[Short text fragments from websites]
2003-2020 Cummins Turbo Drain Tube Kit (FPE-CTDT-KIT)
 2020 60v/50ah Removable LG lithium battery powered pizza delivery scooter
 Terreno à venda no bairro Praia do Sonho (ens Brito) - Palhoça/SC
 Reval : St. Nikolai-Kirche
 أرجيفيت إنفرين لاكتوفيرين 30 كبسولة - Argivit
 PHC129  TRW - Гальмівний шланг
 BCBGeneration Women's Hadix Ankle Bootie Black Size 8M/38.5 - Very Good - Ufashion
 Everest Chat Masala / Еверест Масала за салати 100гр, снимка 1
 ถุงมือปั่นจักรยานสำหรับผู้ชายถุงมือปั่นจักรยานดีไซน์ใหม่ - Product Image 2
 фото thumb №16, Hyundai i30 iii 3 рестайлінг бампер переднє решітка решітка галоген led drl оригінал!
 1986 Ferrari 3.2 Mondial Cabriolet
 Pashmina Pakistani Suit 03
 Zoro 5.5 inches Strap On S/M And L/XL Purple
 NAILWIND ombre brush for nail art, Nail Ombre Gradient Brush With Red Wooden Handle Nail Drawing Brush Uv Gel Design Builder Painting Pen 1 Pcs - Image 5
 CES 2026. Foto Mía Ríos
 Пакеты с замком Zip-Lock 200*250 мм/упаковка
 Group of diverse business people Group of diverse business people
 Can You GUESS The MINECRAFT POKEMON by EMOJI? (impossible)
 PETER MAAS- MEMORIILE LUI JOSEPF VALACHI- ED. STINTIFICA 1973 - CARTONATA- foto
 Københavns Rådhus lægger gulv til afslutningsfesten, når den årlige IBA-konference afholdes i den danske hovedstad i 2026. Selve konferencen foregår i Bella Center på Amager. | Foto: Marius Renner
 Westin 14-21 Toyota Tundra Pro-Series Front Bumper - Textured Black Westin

■ **Exercise goal**
Write out, word for word, every line from the one containing "Product Image 2" through the last line of the records above.

■ **Response to this task**
 ถุงมือปั่นจักรยานสำหรับผู้ชายถุงมือปั่นจักรยานดีไซน์ใหม่ - Product Image 2
 фото thumb №16, Hyundai i30 iii 3 рестайлінг бампер переднє решітка решітка галоген led drl оригінал!
 1986 Ferrari 3.2 Mondial Cabriolet
 Pashmina Pakistani Suit 03
 Zoro 5.5 inches Strap On S/M And L/XL Purple
 NAILWIND ombre brush for nail art, Nail Ombre Gradient Brush With Red Wooden Handle Nail Drawing Brush Uv Gel Design Builder Painting Pen 1 Pcs - Image 5
 CES 2026. Foto Mía Ríos
 Пакеты с замком Zip-Lock 200*250 мм/упаковка
 Group of diverse business people Group of diverse business people
 Can You GUESS The MINECRAFT POKEMON by EMOJI? (impossible)
 PETER MAAS- MEMORIILE LUI JOSEPF VALACHI- ED. STINTIFICA 1973 - CARTONATA- foto
 Københavns Rådhus lægger gulv til afslutningsfesten, når den årlige IBA-konference afholdes i den danske hovedstad i 2026. Selve konferencen foregår i Bella Center på Amager. | Foto: Marius Renner
 Westin 14-21 Toyota Tundra Pro-Series Front Bumper - Textured Black Westin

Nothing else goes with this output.